-- What this task involves --
The whole listing, pictures aside, should be reproduced exactly.

-- Data section --
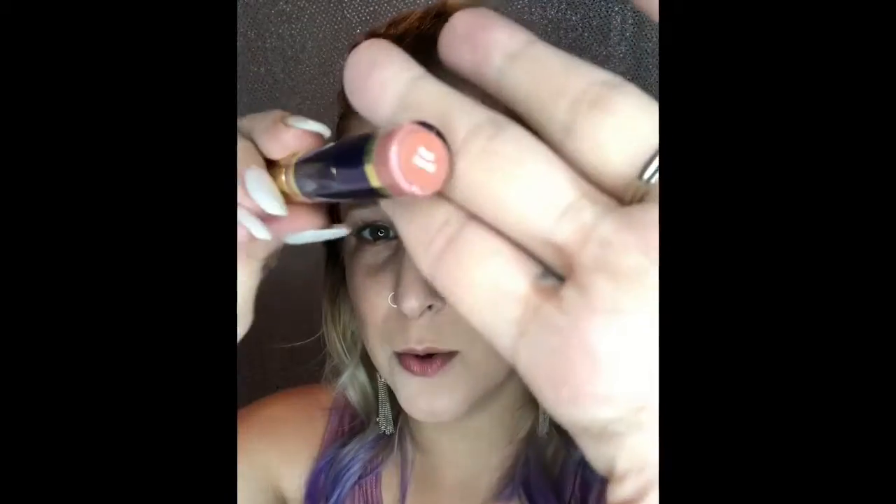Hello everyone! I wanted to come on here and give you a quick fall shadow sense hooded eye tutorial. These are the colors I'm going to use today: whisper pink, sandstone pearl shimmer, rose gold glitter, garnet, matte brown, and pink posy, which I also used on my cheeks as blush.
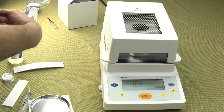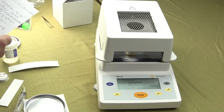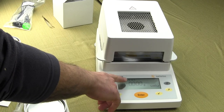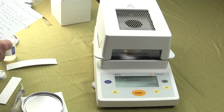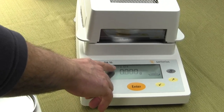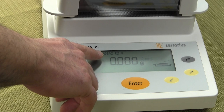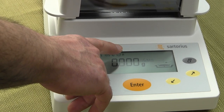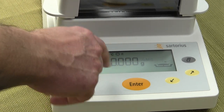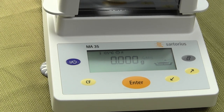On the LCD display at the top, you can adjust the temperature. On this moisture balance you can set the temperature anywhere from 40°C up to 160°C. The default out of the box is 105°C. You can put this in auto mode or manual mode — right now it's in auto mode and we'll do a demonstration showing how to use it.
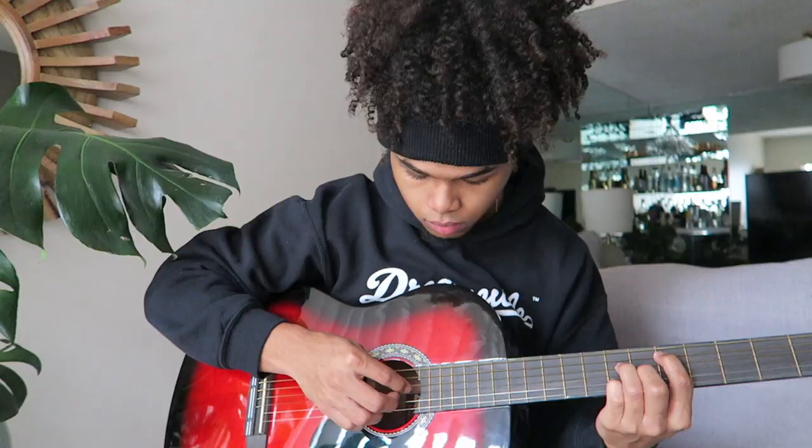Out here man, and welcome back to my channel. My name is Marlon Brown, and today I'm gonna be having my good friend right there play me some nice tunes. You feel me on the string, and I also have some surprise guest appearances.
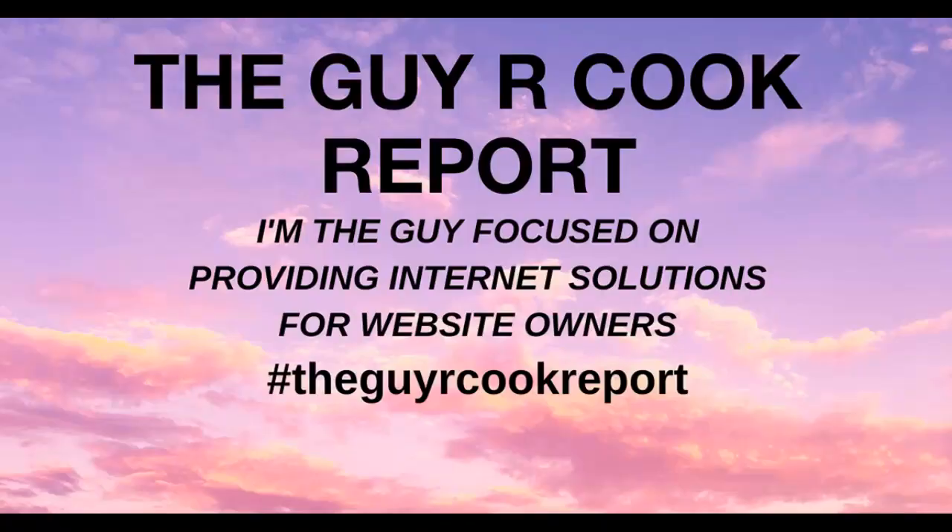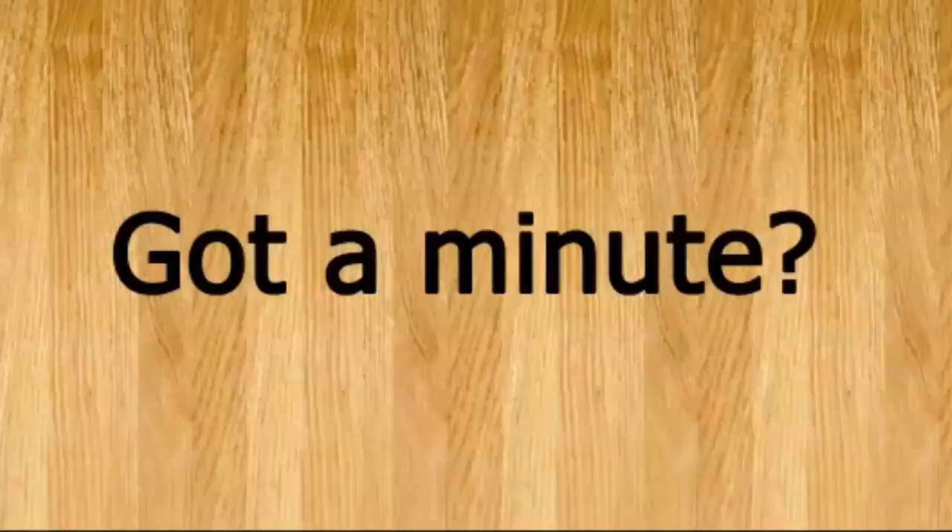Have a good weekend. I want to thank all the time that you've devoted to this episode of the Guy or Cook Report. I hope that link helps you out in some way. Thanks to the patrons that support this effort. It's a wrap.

-- Written answer --
Hello everyone! I wanted to come on here and give you a quick fall shadow sense hooded eye tutorial. These are the colors I'm going to use today: whisper pink, sandstone pearl shimmer, rose gold glitter, garnet, matte brown, and pink posy, which I also used on my cheeks as blush.
On the LCD display at the top, you can adjust the temperature. On this moisture balance you can set the temperature anywhere from 40°C up to 160°C. The default out of the box is 105°C. You can put this in auto mode or manual mode — right now it's in auto mode and we'll do a demonstration showing how to use it.
Out here man, and welcome back to my channel. My name is Marlon Brown, and today I'm gonna be having my good friend right there play me some nice tunes. You feel me on the string, and I also have some surprise guest appearances.
Have a good weekend. I want to thank all the time that you've devoted to this episode of the Guy or Cook Report. I hope that link helps you out in some way. Thanks to the patrons that support this effort. It's a wrap.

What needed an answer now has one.